Kubernetes Mastery

Develop and Deploy Cloud Native Applications at Scale

Horizontal Pod Autoscaler

Resources Folder Commands

  1. Mac zsh command:
kubectl apply -f https://github.com/kubernetes-sigs/metrics-server/releases/latest/download/components.yaml && kubectl patch deployment metrics-server -n kube-system --type='json' -p='[{"op": "add", "path": "/spec/template/spec/containers/0/args/-", "value":"--kubelet-insecure-tls"}]'
  1. Windows Powershell command
kubectl apply -f https://github.com/kubernetes-sigs/metrics-server/releases/latest/download/components.yaml && kubectl patch deployment metrics-server -n kube-system --type='json' -p='[{"op": "add", "path": "/spec/template/spec/containers/0/args/-", "value":"--kubelet-insecure-tls"}]'
  1. Windows CMD commands
If you are using Windows CMD, you will need to enter these two commands separately. The first command installs all the necessary components for the Metrics Server:

kubectl apply -f https://github.com/kubernetes-sigs/metrics-server/releases/latest/download/components.yaml


The second command specifically patches the deployment manifest to add the --kubelet-insecure-tls flag to the Metrics Server configuration:

kubectl patch deployment metrics-server -n kube-system --type="json" -p="[{\"op\": \"add\", \"path\": \"/spec/template/spec/containers/0/args/-\", \"value\":\"--kubelet-insecure-tls\"}]"

Key Takeaways

The Horizontal Pod Autoscaler automatically scales the number of pods in a deployment based on observed CPU utilization (most commonly).

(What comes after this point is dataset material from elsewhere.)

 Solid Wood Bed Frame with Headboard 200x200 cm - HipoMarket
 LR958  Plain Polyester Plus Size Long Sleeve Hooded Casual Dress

Key Components of an HPA Configuration

apiVersion: autoscaling/v2
kind: HorizontalPodAutoscaler
metadata:
  name: grade-submission-portal-hpa
  namespace: grade-submission
spec:
  scaleTargetRef:
    apiVersion: apps/v1
    kind: Deployment
    name: grade-submission-portal
  minReplicas: 1
  maxReplicas: 10
  metrics:
  - type: Resource
    resource:
      name: cpu
      target:
        type: Utilization
        averageUtilization: 50

Key HPA Features:

  • Autoscaling Behavior: The HPA will increase or decrease the number of replicas to maintain the target CPU utilization.
  • Scaling Range: The number of pods will be adjusted between 1 and 10 based on the CPU utilization.
  • Resource Metrics: While this example uses CPU, HPAs can also use memory or custom metrics.
  • Target Utilization: 50% target utilization is a common starting point, but this can be adjusted based on application needs.
  • Namespace Scoping: The HPA is namespace-specific, allowing for isolated scaling policies across different parts of your application.
  • Scaling Algorithm: Kubernetes uses a control loop to periodically adjust the number of replicas based on the observed metrics.

Understanding and effectively configuring HPAs is crucial for building scalable and efficient applications in Kubernetes, ensuring optimal resource utilization and performance under varying loads.